# Atlantic City Report



## KT_UMCP (Oct 11, 2005)

Some friends and I ventured to AC to do some fishing/gambling.

11/22: Stopped by Conways marina in Brigantine and them proceeded to fish on the old bridge right as you get into Brigantine. 7 of us fishing and caught all different species of fish. Mix bags of blues (cocktail/snappers) flounders (2, biggest was 15") searobin, bunch of black sea bass in which 2 were keepers, skate, porgies, toadfish. Most catches were black sea bass.

11/23: Went to Conways and rented out a pontoon boat for a full day at only $240 which included gas. We wanted to venture out to the inlet and pass but the weather was'nt holding and white caps all over so we stayed inside the back bay and started to drift fish near the channel. Caught some decent size blues (biggest was 20") A huge kingfish (17") alot of sand sharks. Other boats were targeting flounders as I saw them jigging bucktails. Only ended up fishing for 4 hours Conway's refunded us back $100. GREAT people and service at Conway's. Fresh bait and thier service and friendlness is uncomparable. Picked me up and PENN calcutta baitrunner real for $67.00 which was 10% off. Wanted to pick up alot more from my winnings at Borgata but they did'nt have the selection in rods that I was looking for.

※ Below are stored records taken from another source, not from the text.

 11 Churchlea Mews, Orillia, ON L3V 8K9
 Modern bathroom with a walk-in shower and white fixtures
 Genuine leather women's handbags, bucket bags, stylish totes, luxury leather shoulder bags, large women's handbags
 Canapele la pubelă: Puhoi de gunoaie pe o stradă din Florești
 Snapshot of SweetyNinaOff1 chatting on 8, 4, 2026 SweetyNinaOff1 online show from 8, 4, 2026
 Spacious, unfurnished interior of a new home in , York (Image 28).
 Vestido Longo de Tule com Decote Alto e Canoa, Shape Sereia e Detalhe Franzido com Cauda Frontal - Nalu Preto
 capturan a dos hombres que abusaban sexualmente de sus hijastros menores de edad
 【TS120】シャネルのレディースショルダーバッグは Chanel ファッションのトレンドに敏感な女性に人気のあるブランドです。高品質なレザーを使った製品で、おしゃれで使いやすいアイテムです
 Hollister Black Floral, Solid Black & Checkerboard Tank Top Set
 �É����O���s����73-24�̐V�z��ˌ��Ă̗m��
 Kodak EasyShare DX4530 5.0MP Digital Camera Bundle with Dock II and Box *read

11/23 afternoon: I did alot of study of AC fishing and 3 of us decided to had out to the famous T-jetty located by Showboat while the others went back to gamble and yes that awful green highrise condo. Parked right by the boardwalk and decided to scope out the place and see what type of action was going on and scoping the waters for what gears we were to bring out for the occassion. Brought out one heaver and casting rod a piece and used articificails since there were an abundabce of mullets running through. Report ot to good, caught tons of little sandsharks and some skates. Caught couple snapper blues a weakfish, that's about it. That part of town has some very shaddy characters. I believe it now when i read a post of people being threatened and robbed. That T-jetty and areas I know has huge potentials. You can feel the potential it has. Wanted to go to IBSP but time ran out. 

11/23 night. Me and friend gambled till 8am.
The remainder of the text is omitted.